Everything Sucks de Michael Mohan et Ry Russo-Young

Le 26 mars 2020

Il y a des séries qui s’éternisent sur d’innombrables saisons, parfois s’essoufflant petit à petit, et d’autres qui se voient coupées dans leur élan, interrompues après seulement une saison ou deux. C’est le cas de Everything Sucks!, production Netflix que la plateforme de streaming décida de stopper après 10 épisodes. La base de fans de la série, qui, ironiquement, grandit follement après l’annonce de son arrêt, tenta de convaincre Netflix de lui donner une deuxième chance, la saison se terminant de plus sur un petit cliffhanger, mais en vain. Et c’est bien dommage

L’intrigue se déroule dans la petite ville de Boring (ce nom, qui signifie «ennuyant» en anglais, ne s’invente pas: en effet, cette ville existe bel et bien!), en Oregon, en 1996. Luke, McQuaid et Tyler, trois adolescents geeks, rejoignent le club d’audiovisuel de leur école. Ils y font la connaissance de la fille du proviseur, Kate, dont Luke tombe amoureux. Seulement, celle-ci se questionne sur sa sexualité et accepte de sortir avec lui uniquement pour échapper à la rumeur la disant lesbienne, mais également à ses propres sentiments pour Emaline, la star de la troupe de théâtre du lycée. Lorsque les décors de la pièce que monte cette dernière se retrouvent détruits par un accident causé par Kate, Luke et ses amis proposent un deal: tourner ensemble, avec le club d’audiovisuel, un film dans lequel les acteurs de la troupe pourront jouer.

Everything Sucks! est souvent comparée, à raison, à Freaks And Geeks et Stranger Things. Elle emprunte à la seconde son sens de la nostalgie, cette fois pour les années 90 et non 80, avec des personnages dont les goûts permettent de faire de nombreuses références à la pop culture de l’époque, qu’elles soient cinématographiques, télévisuelles, musicales ou plus largement sociales (louer une VHS chez Blockbuster, jouer au Tamagotchi, etc.) La bande-son est d’ailleurs un régal de tubes très connus des 90s et d’autres chansons qui le sont peut-être un peu moins, qui établissent l’ambiance tout en accompagnant le développement et les émotions des personnages. Pour les amateurs du style vestimentaire de cette décennie, les tenues d’Emaline sont également un pur bonheur.

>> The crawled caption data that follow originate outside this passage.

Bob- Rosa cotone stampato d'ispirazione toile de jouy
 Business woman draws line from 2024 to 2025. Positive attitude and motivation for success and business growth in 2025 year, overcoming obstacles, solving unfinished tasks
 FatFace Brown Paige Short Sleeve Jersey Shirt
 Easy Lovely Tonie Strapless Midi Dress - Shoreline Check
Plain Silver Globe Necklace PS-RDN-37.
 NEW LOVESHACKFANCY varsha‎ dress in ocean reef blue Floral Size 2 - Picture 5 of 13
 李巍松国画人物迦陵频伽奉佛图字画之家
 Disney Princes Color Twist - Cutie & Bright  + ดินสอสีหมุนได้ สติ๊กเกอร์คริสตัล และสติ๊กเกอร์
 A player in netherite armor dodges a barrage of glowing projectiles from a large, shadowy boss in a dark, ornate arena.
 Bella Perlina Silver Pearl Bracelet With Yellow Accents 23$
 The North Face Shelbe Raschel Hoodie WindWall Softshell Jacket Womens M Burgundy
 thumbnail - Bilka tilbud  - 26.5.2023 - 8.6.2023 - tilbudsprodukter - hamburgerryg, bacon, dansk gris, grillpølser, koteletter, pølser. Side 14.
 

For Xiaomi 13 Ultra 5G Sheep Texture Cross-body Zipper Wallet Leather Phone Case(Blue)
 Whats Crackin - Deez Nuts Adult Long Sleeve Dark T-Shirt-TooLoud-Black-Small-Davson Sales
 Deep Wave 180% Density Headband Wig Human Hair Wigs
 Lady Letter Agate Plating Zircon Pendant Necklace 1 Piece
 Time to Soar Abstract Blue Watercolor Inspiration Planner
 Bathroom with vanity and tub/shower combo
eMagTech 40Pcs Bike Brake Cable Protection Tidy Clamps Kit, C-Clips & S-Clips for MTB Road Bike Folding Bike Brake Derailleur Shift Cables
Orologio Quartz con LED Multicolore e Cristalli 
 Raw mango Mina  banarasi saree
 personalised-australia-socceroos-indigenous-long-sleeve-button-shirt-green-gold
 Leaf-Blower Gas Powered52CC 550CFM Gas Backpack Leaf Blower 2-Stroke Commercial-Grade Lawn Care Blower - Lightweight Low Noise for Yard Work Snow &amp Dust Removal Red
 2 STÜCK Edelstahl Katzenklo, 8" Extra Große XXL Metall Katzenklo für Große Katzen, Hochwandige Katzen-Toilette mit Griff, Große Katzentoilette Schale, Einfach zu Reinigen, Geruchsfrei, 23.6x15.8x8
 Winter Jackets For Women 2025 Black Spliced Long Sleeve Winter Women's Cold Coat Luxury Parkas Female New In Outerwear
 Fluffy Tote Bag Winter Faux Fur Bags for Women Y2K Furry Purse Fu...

Le lien avec la série Freaks And Geeks (outre le fait que celle-ci fut également arrêtée après une seule saison) se tisse dans la construction de protagonistes qui, comme le titre l’indique, sont des marginaux dans l’écosystème que représente un lycée, où aimer le théâtre et faire des vidéos est considéré comme des plus ringards. Leur différence est ici bien entendu célébrée, l’objectif n’étant pas de devenir populaire mais de faire ce que l’on aime vraiment. Ces adolescents se cherchent, bâtissent leurs personnalités, qui nous sont rendues très attachantes par leur fantaisie, leur tendresse mais aussi leur mélancolie. Le père de Kate et la mère de Luke, tous deux parents célibataires ayant vécu un traumatisme dans leur précédente relation, sont aussi très sympathiques et on appréciera de ne pas retrouver en eux la sempiternelle figure parentale présente pour mettre des bâtons dans les roues de ses enfants, vue dans beaucoup de réalisations destinées à un jeune public. L’attachement aux personnages passe aussi par le jeu convaincant des acteurs, qui aide à atténuer les quelques traits un peu caricaturaux qui leur sont attribués.

Car il est vrai que cette série n’est pas dénuée de certains stéréotypes (par exemple, la séquence où Luke découvre ses sentiments pour Kate dans le premier épisode, bien que touchante, n’en reste pas moins assez prévisible). Et il aurait été agréable d’en découvrir encore davantage sur les personnages plus secondaires, comme McQuaid, qui possède une personnalité particulièrement savoureuse et piquante. Toutefois, on pardonnera sans problème ces quelques défauts, tant Everything Sucks! regorge d’émotion, fait preuve d’humour, tout en évitant la vulgarité (même si on n’échappe pas à quelques petites blagues un peu graveleuses). On retiendra surtout le parcours de Kate pour découvrir sa sexualité et l’accepter, mais aussi celui, plus général et qui se reflète également dans le développement d’Emaline, pour trouver qui l’on est vraiment, sans se laisser influencer par ce que les autres voudraient que l’on soit, l’idée qu’ils se font de nous, ou même l’idée qu’on croit qu’ils se font de nous.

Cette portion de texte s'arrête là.